MP — A FUP congratula-se pelo cumprimento do apoio da Câmara Municipal da Praia da Vitória no que concerne ao contrato-programa que remonta a 2016. Houve a preocupação de garantir que a filarmónica poderá cumprir com o compromisso perante a instituição bancária e por isso, julgo que é uma postura bastante positiva de quem se preocupa pela situação atual da filarmónica.
Como medida propunha numa primeira fase, o contato com o responsável de cada filarmónica do concelho para que se apure as preocupações e a realidade de cada uma. Posteriormente apoiar cada uma na sua situação mais urgente.

“A direção apela assim a todos os que têm gosto na sua filarmónica que a ajudem cumprindo com o compromisso de pagar as cotas em atraso”.

PE — Por fim, de que forma pode o público em geral ajudar a FUP a ultrapassar este momento de grande dificuldade?

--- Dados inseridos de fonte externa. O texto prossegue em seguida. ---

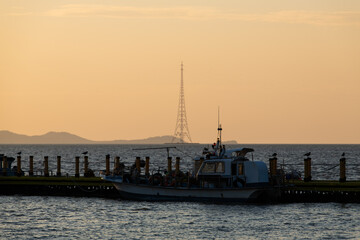 Fototapeta premium idyllic seascape with island, pylon and pier during sunset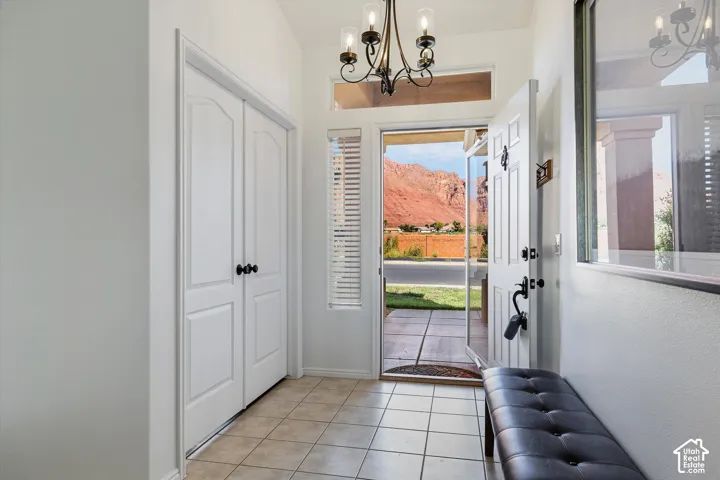 Entryway featuring a decorative chandelier, neutral tile flooring, and a window with blinds
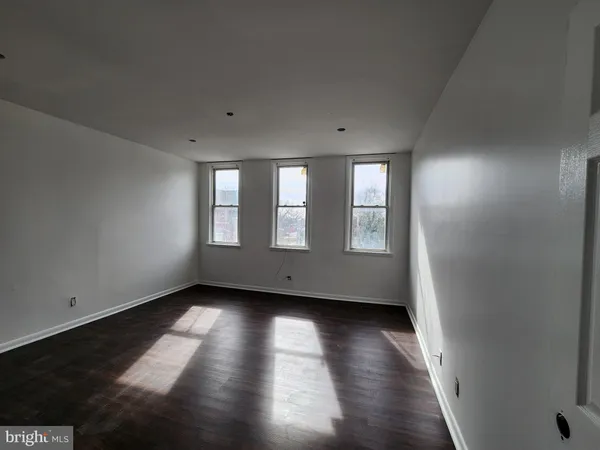 a view of an empty room with wooden floor and closet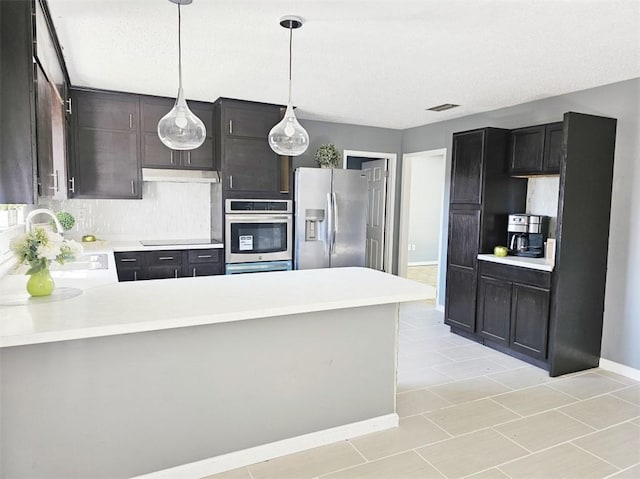 kitchen with under cabinet range hood, stainless steel appliances, a peninsula, a sink, and light countertops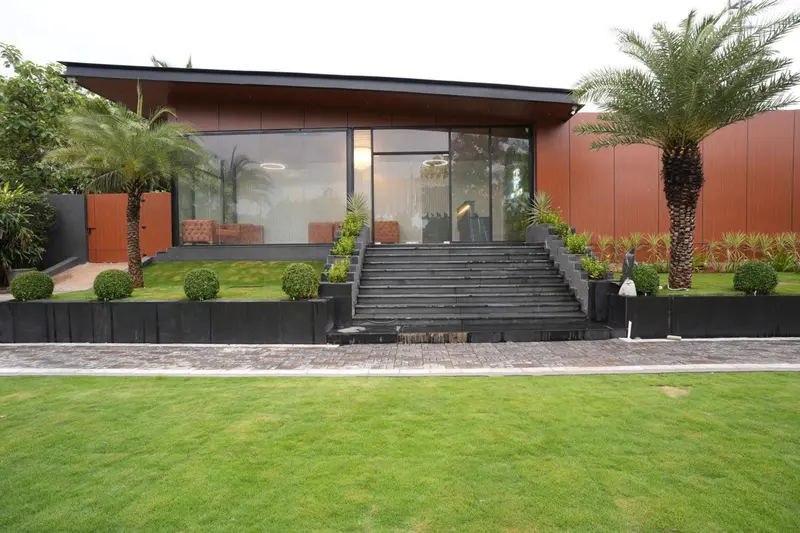 Façade d'un bâtiment moderne avec un escalier menant à une entrée vitrée.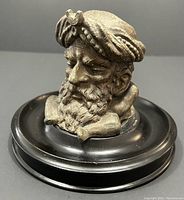 Close-up front angle of metal bearded Turk inkwell on black wood base showing detailed facial features and turban.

MP — Julgo que antes do público em geral, os sócios da FUP têm agora a oportunidade de, ao pagar as suas cotas, ajudar a colmatar parte do problema. A direção apela assim a todos os que têm gosto na sua filarmónica que a ajudem cumprindo com o compromisso de pagar as cotas em atraso. Atualmente não tem havido ensaios, mas até ao dia 12 de março, todas as terças e quintas-feiras, estávamos lá entre as 20:00 e as 22:30 para receber os nossos sócios.
Também, a maior parte destes sócios pagava no dia do aniversário, mas como não foi possível devido ao cancelamento do concerto, a filarmónica anunciará onde e como poderão proceder ao pagamento das suas cotas.

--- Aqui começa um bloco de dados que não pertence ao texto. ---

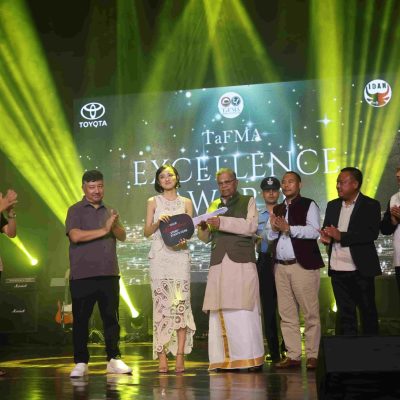 Governor handed over the Achiever of the Year Award 2023 to Andrea Kevichusa at RCEMBA, Jotsma on 4th September 2023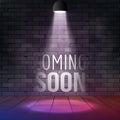 Coming soon message illuminated with light spotlight projector. Brick wall and stage realistic vector Royalty Free Stock Photo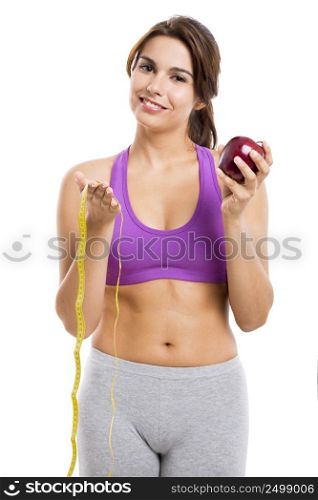 Beautiful and healthy woman holding an apple and a measure tape, isolated over white background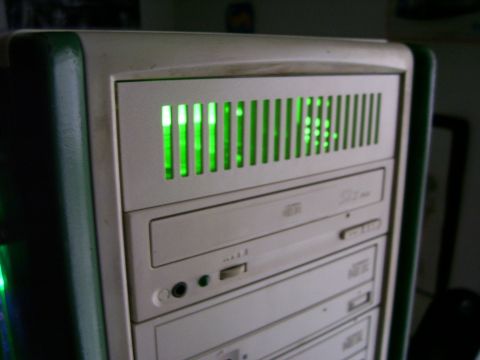 1994 Ford Probe - A computer tower is shown with green lights glowing behind a slatted front panel and several drive bays visible.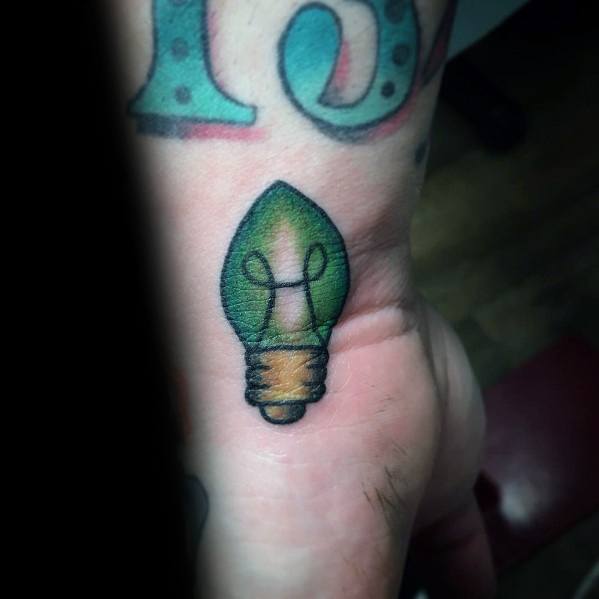 Minimalist Christmas tattoo of a green holiday light bulb on the wrist, featuring simple shading and bold outlines for a subtle festive touch.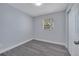 Cozy bedroom featuring a window with natural light and modern gray floors, creating a serene space at 7 Garvey Ln, Frostproof, FL 33843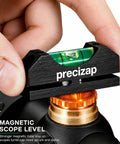 Close-up of Pro Grade High Precision Scope Leveling Kit with magnetic bubble level mount on Picatinny rail, durable black.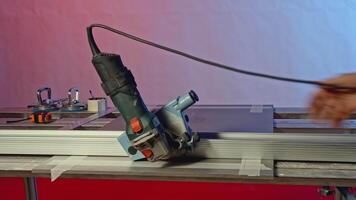 Using circular saw to cut board at the workshop. Creative. Industrial background with professional equipment. video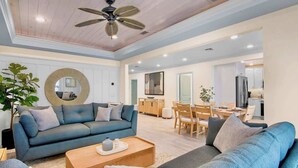 A spacious living room with a blue sofa, a coffee table, and a ceiling fan. - Birdsong-Steps to Bean Point Beach Heated Pool! (Anna Maria)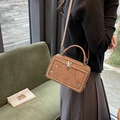 Umhängetasche in Retro-Braun mit doppelten Reißverschlüssen und Nieten auf grünem Sofa - PU / Braun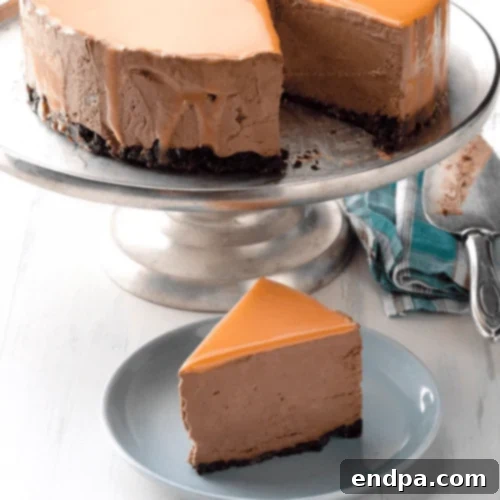 A perfectly glazed Orange Chocolate Mousse Mirror Cake, with a reflective, shiny surface.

O público ajuda bastante se valorizar o papel das filarmónicas na dinâmica social respeitando, apreciando e assumindo que esta é uma escola que para além de criar arte, cria valores de interação social e que contribui em muito para uma sociedade mais digna. Os jovens que integram as bandas criam mecanismos saudáveis de perseveração das tradições, criam arte, interagem socialmente respeitando que todos podemos ser diferentes, mas que podemo-nos unir em causas comuns.